Il avait alors épuisé toutes les ressources de son savoir et de sa longue expérience, il avait suivi toutes les indications que peut suggérer la prudence humaine, il ne lui restait plus qu’à attendre... Ramassant la fatale lettre de Mlle de la Ville-Handry, il alla s’asseoir, pour la lire, dans l’embrasure d’une fenêtre.

Les indiscrétions du délire de Daniel en avaient assez appris au digne docteur pour qu’il fût en état de comprendre l’épouvantable cri de détresse de la malheureuse jeune fille, et Lefloch, qui l’observait, vit une grosse larme rouler le long de ses joues, et l’instant d’après des flots de sang empourprer son visage.

– C’est à devenir fou !... grondait-il. Pauvre Champcey !...

Et tel qu’un homme qui ne se possède plus et à qui le mouvement devient indispensable, il froissa la lettre, la mit dans sa poche et sortit en jurant à faire tomber le crépi des murs.

À cette même heure justement, informé de l’épreuve qui devait être tentée, le juge d’instruction venait aux nouvelles.

Apercevant de loin le vieux chirurgien qui traversait la cour de l’hôpital, il courut à lui, et dès qu’il fut à portée de la voix :

– Eh bien !... cria-t-il.

Le docteur fit quelques pas en avant, et avec un geste désespéré :

– Le lieutenant Champcey est perdu !... répondit-il.

– Mon Dieu !... que me dites-vous là !...

– La vérité !... Voici Daniel maintenant aux prises avec une fièvre cérébrale, avec un transport au cerveau, pour mieux dire... Affaibli, épuisé, exténué comme il est, y résistera-t-il ?... non, évidemment... Il faudrait pour le sauver un second miracle, et... soyez tranquille, il ne se fera pas !... Avant vingt-quatre heures il sera mort, et ses assassins triompheront.

– Oh !...

Les yeux du vieux chirurgien flamboyaient et un sourire d’une amère ironie crispait ses lèvres.
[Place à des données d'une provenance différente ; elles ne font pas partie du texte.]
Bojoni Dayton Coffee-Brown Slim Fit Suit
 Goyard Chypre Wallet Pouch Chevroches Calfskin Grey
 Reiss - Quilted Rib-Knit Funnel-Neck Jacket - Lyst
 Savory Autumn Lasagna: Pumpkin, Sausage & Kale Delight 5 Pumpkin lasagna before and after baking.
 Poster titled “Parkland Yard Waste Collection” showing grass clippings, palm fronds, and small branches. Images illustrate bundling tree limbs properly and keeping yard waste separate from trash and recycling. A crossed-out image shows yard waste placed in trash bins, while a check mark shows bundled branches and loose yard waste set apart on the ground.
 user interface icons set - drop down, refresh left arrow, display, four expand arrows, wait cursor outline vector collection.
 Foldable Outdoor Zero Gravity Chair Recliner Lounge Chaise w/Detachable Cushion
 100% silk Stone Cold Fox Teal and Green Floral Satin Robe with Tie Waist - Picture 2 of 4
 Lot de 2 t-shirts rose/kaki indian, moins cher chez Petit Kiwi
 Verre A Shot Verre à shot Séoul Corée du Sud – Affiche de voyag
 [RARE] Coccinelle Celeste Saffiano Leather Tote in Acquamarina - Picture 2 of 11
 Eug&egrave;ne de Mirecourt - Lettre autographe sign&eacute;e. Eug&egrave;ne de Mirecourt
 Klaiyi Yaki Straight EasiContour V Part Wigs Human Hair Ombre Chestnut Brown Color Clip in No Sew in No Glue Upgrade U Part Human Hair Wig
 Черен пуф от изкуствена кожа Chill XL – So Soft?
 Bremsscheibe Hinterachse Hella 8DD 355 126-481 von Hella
– Et qui donc, insista-t-il, empêcherait les gredins de triompher !... Daniel mort, vous serez obligé de relâcher, faute de preuves, l’abject scélérat que vous tenez en prison, ce Crochard dit Bagnolet !... Ou si vous l’envoyez devant un tribunal, ce sera sous la grotesque prévention d’homicide par imprudence... Et il en sera quitte pour un an de prison... Et cependant, vous le savez comme moi, c’est volontairement qu’il a frappé une des plus nobles créatures humaines que j’aie connues, anéanti le cœur le plus loyal et une des plus hautes intelligences que je sache !... Et à l’expiration de sa peine, il palpera le prix du sang de Daniel Champcey, et il le dépensera en crapuleuses orgies... Et les autres, les vrais coupables, les misérables qui l’ont payé, ils s’en iront de par le monde, le front haut, riches, honorés, dédaigneux, faisant insolemment sonner leur réputation d’honneur !...

– Docteur !...

Mais le vieil original était lancé.

– Ah ! laissez-moi !... interrompit-il. Votre justice humaine... voulez-vous que je vous dise mon opinion ?... elle me fait pitié !... Quand vous avez envoyé, chaque année, trois ou quatre assassins stupides à l’échafaud, et au bagne quelques douzaines de répugnants gredins, vous vous drapez fièrement dans vos robes noires et vous estimez que tout est pour le mieux et qu’une société si bien gardée peut dormir sur les deux oreilles !... Eh bien ! savez-vous la vérité ?... Vous ne prenez que les maladroits, les imbéciles... Les autres, les forts, glissent à travers les mailles de vos codes, et sûrs de leur adresse et de votre impuissance, ils jouissent dans l’orgueil de leur impunité du fruit de leurs crimes, jusqu’au jour...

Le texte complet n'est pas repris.